- [Assigned task]: List, from the lines below, each one with "Voice" in it.

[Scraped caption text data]
▬▬▬▬▬▬
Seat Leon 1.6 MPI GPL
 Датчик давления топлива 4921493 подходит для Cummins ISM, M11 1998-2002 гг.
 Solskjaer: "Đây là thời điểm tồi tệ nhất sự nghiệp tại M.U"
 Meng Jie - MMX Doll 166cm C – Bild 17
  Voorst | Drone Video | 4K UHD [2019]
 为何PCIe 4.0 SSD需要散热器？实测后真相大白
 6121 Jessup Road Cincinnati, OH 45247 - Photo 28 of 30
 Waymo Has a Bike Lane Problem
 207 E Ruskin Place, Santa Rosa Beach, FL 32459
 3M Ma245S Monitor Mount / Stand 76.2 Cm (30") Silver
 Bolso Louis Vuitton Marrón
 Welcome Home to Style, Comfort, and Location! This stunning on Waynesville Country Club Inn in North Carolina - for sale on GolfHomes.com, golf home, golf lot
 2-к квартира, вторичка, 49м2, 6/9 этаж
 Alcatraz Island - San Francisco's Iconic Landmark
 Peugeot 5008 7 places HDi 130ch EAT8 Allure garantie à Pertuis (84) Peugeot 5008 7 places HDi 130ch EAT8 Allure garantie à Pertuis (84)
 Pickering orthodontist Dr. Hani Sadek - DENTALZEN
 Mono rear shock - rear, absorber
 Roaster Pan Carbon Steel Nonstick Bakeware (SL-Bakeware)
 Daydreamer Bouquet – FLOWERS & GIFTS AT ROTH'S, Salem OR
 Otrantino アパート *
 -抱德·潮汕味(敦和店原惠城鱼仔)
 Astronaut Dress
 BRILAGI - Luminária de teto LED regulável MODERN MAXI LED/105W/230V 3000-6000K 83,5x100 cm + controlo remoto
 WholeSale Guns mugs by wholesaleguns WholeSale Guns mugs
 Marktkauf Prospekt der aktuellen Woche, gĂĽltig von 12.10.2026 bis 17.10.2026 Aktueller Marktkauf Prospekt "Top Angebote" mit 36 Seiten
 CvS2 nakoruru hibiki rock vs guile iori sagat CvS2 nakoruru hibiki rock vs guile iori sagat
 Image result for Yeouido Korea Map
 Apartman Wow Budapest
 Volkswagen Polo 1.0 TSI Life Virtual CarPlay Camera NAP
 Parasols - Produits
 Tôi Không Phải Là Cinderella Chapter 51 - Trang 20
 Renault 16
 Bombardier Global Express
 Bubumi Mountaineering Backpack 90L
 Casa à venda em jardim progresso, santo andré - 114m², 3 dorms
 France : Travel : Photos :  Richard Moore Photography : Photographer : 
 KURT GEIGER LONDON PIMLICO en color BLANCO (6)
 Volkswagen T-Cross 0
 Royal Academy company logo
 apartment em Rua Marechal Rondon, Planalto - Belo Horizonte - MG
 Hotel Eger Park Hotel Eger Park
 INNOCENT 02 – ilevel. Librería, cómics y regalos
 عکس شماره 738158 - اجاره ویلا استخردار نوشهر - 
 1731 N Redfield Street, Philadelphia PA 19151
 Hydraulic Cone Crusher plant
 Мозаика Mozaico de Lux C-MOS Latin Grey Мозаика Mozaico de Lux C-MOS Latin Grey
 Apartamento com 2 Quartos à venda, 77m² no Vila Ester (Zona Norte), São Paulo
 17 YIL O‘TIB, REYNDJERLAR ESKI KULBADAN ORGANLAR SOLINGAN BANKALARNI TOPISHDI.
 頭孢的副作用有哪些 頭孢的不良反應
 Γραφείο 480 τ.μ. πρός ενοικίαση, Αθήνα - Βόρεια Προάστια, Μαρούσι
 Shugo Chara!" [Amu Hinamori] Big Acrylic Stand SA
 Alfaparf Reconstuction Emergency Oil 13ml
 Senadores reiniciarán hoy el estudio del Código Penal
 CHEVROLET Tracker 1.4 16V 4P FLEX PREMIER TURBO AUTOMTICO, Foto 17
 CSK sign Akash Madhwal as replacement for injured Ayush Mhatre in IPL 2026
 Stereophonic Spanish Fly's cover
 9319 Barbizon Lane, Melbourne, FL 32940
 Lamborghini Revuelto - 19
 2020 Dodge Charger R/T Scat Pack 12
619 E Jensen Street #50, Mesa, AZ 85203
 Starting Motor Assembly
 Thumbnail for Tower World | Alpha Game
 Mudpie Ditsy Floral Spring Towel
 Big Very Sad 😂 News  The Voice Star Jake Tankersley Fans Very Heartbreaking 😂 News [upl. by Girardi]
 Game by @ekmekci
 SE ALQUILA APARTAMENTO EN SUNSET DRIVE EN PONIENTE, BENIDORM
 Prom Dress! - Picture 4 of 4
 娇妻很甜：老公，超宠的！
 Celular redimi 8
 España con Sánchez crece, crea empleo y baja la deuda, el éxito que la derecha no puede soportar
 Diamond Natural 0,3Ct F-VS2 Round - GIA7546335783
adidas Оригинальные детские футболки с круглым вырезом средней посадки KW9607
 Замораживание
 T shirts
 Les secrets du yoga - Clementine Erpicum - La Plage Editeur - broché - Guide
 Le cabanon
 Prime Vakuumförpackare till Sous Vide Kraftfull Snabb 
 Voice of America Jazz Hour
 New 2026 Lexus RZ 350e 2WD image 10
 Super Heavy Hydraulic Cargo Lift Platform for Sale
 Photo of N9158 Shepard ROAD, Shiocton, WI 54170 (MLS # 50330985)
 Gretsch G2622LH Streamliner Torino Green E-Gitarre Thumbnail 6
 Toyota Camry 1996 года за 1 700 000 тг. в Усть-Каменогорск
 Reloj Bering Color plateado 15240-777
▬▬▬▬▬▬
- [Finished exercise]:
 Big Very Sad 😂 News  The Voice Star Jake Tankersley Fans Very Heartbreaking 😂 News [upl. by Girardi]
 Voice of America Jazz Hour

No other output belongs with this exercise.